Have a 42inch rider with 24hp Briggs - Craftsman Pro 2008yr - "automatic"

Recently it started getting slow and almost won't pull me up a hill. I went ahead and changed the drive belt and that did not help.

It still seems loose to me, but maybe that is the way it is supposed to be, and the cause is something else.

Any ideas?

I gotta get these leaves sucked up!

Thanks!


----------



## ftorleans1 (Jul 12, 2009)

Welcome to the forum Snook! Is the belt tensioner bracket able to move freely? The belt should have good tension on it at all times... If it is loose or seems to be loose, The tensioner bracket or spring may be your problem...

Let us know what you find!!!


----------



## snook (Dec 10, 2014)

Thanks for the help. Does that connect to a pulley?
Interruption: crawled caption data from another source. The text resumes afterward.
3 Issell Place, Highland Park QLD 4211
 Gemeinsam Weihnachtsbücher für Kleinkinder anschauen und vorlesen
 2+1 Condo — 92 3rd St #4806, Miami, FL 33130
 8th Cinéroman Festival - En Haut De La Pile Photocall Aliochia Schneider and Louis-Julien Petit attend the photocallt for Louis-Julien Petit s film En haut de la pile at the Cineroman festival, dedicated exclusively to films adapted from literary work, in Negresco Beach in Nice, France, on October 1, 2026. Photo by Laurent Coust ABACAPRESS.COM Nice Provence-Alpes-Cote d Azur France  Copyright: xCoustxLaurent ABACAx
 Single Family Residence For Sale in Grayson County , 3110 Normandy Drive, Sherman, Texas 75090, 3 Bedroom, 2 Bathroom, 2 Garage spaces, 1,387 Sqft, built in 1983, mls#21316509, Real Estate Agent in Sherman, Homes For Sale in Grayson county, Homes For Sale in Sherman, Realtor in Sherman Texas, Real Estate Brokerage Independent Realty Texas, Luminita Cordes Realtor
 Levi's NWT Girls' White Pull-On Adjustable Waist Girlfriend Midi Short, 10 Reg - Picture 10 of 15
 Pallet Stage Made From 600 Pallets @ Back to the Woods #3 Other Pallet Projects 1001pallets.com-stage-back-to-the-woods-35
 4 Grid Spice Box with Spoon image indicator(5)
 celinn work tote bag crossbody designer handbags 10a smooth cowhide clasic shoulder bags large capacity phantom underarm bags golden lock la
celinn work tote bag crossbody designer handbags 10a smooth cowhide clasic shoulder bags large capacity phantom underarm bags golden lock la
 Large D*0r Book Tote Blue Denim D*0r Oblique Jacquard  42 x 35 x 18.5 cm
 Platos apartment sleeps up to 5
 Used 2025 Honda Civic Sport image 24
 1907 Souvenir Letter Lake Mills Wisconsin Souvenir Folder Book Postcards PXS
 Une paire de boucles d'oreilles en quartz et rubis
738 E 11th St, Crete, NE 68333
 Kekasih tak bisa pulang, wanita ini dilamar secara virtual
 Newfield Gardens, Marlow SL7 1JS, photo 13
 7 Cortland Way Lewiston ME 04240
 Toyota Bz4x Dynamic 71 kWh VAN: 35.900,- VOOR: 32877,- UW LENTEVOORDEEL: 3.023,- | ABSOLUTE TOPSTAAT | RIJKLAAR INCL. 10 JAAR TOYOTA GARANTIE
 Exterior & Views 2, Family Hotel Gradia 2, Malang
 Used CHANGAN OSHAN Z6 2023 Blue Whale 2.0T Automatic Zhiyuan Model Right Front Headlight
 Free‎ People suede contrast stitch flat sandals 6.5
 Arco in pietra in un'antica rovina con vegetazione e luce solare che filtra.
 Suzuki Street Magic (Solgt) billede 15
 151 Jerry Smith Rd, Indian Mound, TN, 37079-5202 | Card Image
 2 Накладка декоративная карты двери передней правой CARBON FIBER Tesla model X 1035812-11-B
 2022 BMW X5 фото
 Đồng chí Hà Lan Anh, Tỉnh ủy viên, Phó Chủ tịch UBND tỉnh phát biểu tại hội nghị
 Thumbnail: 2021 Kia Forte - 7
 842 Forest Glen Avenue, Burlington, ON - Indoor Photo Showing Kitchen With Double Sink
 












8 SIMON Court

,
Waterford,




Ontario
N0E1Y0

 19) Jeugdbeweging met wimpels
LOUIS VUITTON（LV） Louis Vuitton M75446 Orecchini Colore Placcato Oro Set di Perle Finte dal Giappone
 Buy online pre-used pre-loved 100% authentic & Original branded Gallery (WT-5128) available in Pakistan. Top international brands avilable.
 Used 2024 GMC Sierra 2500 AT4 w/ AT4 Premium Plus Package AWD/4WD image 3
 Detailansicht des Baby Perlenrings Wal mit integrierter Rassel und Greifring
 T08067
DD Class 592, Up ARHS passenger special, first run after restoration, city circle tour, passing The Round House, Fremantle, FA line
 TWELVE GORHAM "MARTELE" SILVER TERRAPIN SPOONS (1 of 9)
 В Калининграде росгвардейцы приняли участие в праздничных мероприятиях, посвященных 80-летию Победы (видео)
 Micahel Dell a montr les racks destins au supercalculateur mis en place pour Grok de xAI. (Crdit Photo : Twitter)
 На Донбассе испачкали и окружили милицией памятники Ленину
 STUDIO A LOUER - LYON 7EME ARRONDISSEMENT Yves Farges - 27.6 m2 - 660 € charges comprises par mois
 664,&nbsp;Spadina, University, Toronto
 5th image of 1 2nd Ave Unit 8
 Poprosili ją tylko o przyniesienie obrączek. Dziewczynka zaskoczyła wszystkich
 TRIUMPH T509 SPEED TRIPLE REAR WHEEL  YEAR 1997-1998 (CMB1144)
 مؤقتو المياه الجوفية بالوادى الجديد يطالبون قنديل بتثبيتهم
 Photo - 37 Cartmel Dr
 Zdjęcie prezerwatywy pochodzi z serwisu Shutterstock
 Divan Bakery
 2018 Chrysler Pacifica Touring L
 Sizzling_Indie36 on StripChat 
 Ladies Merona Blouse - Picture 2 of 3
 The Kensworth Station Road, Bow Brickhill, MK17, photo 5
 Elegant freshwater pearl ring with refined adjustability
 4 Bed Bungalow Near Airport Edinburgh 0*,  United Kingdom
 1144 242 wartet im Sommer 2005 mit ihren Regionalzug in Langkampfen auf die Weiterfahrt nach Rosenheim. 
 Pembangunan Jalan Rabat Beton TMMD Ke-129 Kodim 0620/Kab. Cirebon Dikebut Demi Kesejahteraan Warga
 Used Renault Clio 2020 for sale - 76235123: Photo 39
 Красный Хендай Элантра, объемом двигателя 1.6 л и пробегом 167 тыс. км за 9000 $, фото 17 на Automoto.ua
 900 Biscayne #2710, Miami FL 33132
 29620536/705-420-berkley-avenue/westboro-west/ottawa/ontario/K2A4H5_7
I don't remember seeing one of those.


----------



## ftorleans1 (Jul 12, 2009)

Yes, You should have a tensioner pulley which keeps the belt tensioned and the pulley should be mounted on a bracket which pivots with a spring pulling it tight.


----------



## snook (Dec 10, 2014)

So after all this...the problem appears to have been that I had a lot of accumulated debris/grass packed under the break lever. That was preventing it from fully coming down. I cleaned it all out and voila!

I am back in business.


----------



## 2jdeeres (Apr 14, 2010)

Easy fixes are the best fixes!!


----------



## ftorleans1 (Jul 12, 2009)

Excellent news!!! 

After every second or third cut, I take the air blower and blow out every area under the tractor. When it's time for leaf pick-up, I blow the tractor off after every use. 

If you decide on doing the same, Make sure you turn the engine off so grass and leaf debris isn't drawn into the filter screen of the flywheel...


----------



## jhngardner367 (Apr 5, 2011)

My father in law lost a brand new Cub Cadet,because he didn't clean it off . When he engaged the PTO,it got hot,and caught fire.
It burned so fast,he barely had time to get off it.


----------